Friday, September 23, 2011

All in- or NOT in at all

     I was considering yesterday on my birthday, something that made me really appreciate my father as I reflected on how he raised me and who he was.   I recalled how Daddy never let us quit.  I remember how I would be playing a game with my brother (who always cheated! lol)  and I would want to quit.  Then my brother would tell on me and daddy would say-"FINISH.  Win or lose.  Finish."  There were times when I played sports with teams and for whatever reason I didn't want to play the rest of the year.  But Daddy would make me-and all of my siblings for that matter, finish.  There was no such thing as quitting in the middle.  Starting something and not seeing it through was not an option in our house.  
    Then to add insult to injury Daddy would press us to do our best, to play our hardest even if we didn't want to keep playing.  He would explain tersely, "if you start, finish.  If you play, you play hard.  If at the end of the season you don't want to play next year, fine.  But don't start and quit in the middle."  
     As I reflect on these principles, I am so grateful.  I admit, I wasn't grateful then, but now it is innately the way I live my life now.  So when I pray and receive direction from the LORD and tests and trials come, and when the winds blow and the rains pour- I honestly flashback to when my father would say, "don't start and quit in the middle."  I remember when  I was young in the LORD and things were ruff and I didn't understand the concept of suffering.  I would be so frustrated and so tired.  But what was ingrained in me would manifest-by the grace of GOD- and I would remember- DON'T QUIT.  When I considered whether or not I should pray or read my WORD or not, often times because  I was frustrated or had the opportunity to do so I wanted to go hang out with friends or do other things. Then I would remember how my Daddy had said to play hard or not at all.  Then I would throw myself more into the Bible and books about the BIBLE.  

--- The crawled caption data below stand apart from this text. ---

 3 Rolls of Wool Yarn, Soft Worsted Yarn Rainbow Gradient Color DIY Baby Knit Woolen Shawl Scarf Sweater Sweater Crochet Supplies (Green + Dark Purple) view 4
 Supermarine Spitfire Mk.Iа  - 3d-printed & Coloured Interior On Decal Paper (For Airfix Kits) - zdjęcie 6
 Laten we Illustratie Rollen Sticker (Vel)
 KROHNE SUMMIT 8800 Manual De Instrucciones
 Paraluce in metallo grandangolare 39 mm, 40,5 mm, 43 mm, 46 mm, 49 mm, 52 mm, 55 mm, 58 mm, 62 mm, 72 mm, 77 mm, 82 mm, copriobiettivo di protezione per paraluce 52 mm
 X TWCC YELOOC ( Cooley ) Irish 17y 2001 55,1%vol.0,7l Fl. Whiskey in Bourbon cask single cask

I am so grateful for learned perseverance.   Thanking the LORD for my Daddy.



     

Sunday, September 11, 2011

Watching Over Me: The Father's Love

     I remember when I used to go walking in the evening.  I felt that being in my twenties qualified me for midnight strolls where ever I pleased.  One evening while I was walking at Memorial Park in Oklahoma City, I received a call from my father.  He asked me where I was.  I simply told him where I was and what  I was doing.  It was around 11pm or so in the evening.  He informed me that he was in town and asked how long I would be.  The next thing I knew, I was looking at a van with 2 men sitting in it, who were looking at me!  As one of the men approached me I was somewhat concerned.  However, as he got closer I realized he was a family friend.  The other man was my father.  He had driven into town, about a 5-6 hour trip to take care of some business.  And though he had worked a full day, at least 12 hours for him, he wasn't going to leave until I finished.  At the time I had planned at least 4 more laps but I could see the fatigue in his face so  I told him I was on the last lap and I would be finished shortly.  I finished and we headed home.

     I have walked many miles since then, and often late in the evening.  And there are times that I can't help but to look up and hope to see his car or van.  Hoping to see his silhouette gazing my way from the distance.  At times I glance at my phone hoping that I have missed his call and there is a message inquiring about my whereabouts.  I know it seems silly. But as I was walking the other day, the LORD reminded me that I am still being watched over.  And just as my father kept an eye on me here in the natural, so my heavenly FATHER watches over me in the  Spirit.  And of course I know that my father is still watching over me as well.  

     I am blessed to have known a father such as this.  Blessed to know that there was no amount of fatigue to assuage his concern.  No amount of work to remove me from his mind. No event more relevant than my whereabouts.  No situation insurmountable when he was involved.  No time like the present to be there for the ones we love.